Each line of the data below should be restated exactly, with images left out.
Supplied material START
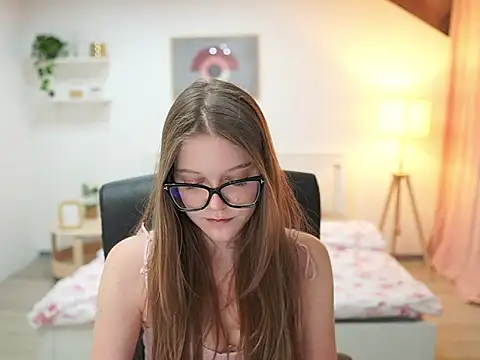 Snapshot of lisa_mccoy_ chatting on October 18, 2025, 1:34 pm lisa mccoy online show from October 18, 2025, 1:34 pm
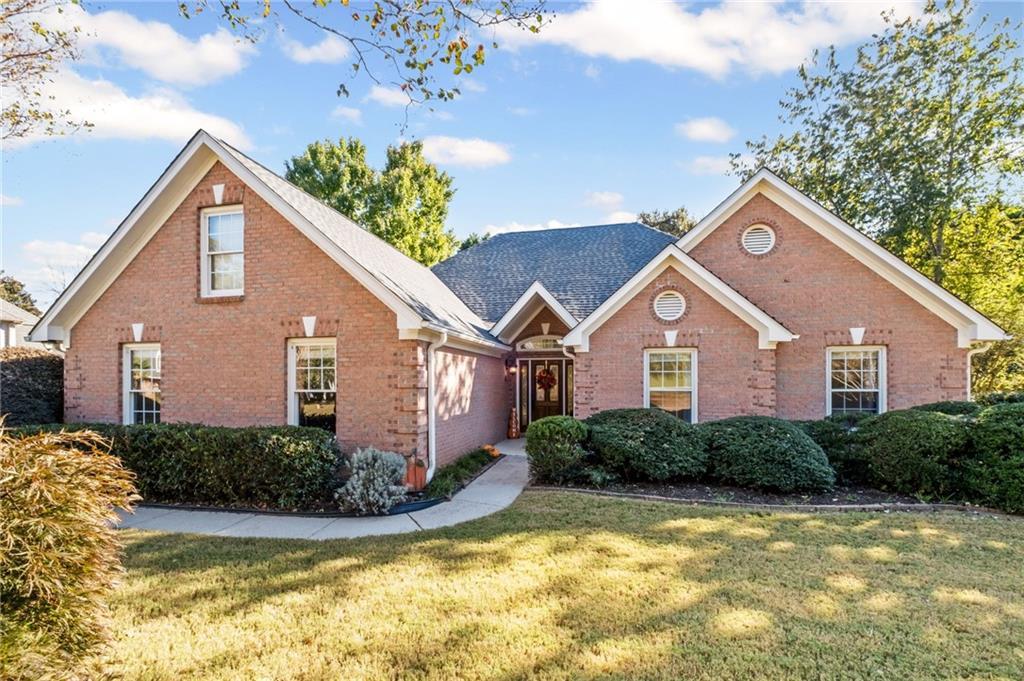 525 Silverberry Ln., Sugar Hill, GA 30518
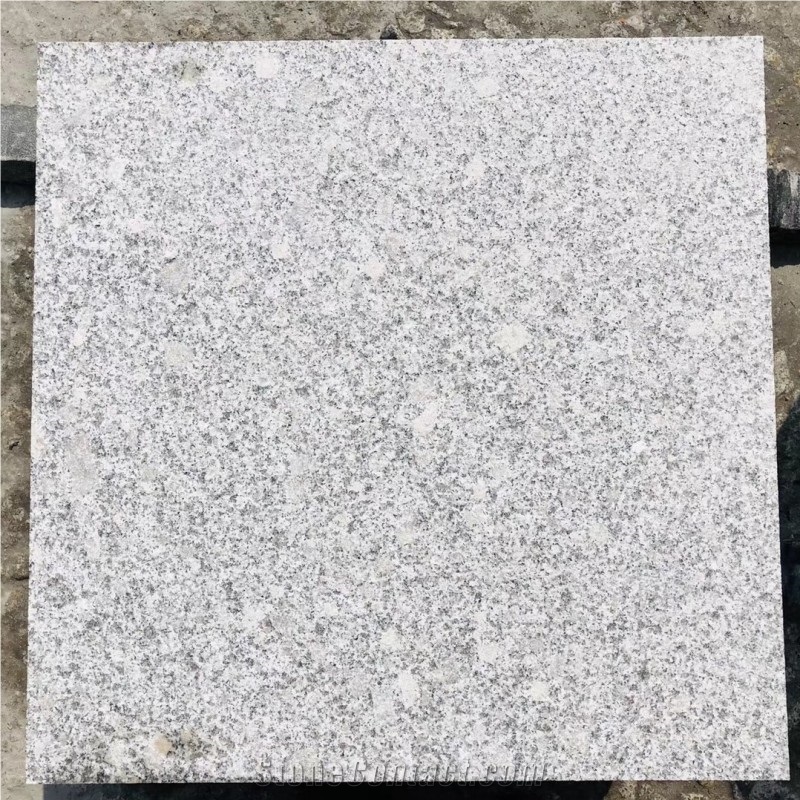 G603 Silver Grey Granite Tiles Flamed Paving Slab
Supplied material END
> [Output of the task]:
 Snapshot of lisa_mccoy_ chatting on October 18, 2025, 1:34 pm lisa mccoy online show from October 18, 2025, 1:34 pm
 525 Silverberry Ln., Sugar Hill, GA 30518
 G603 Silver Grey Granite Tiles Flamed Paving Slab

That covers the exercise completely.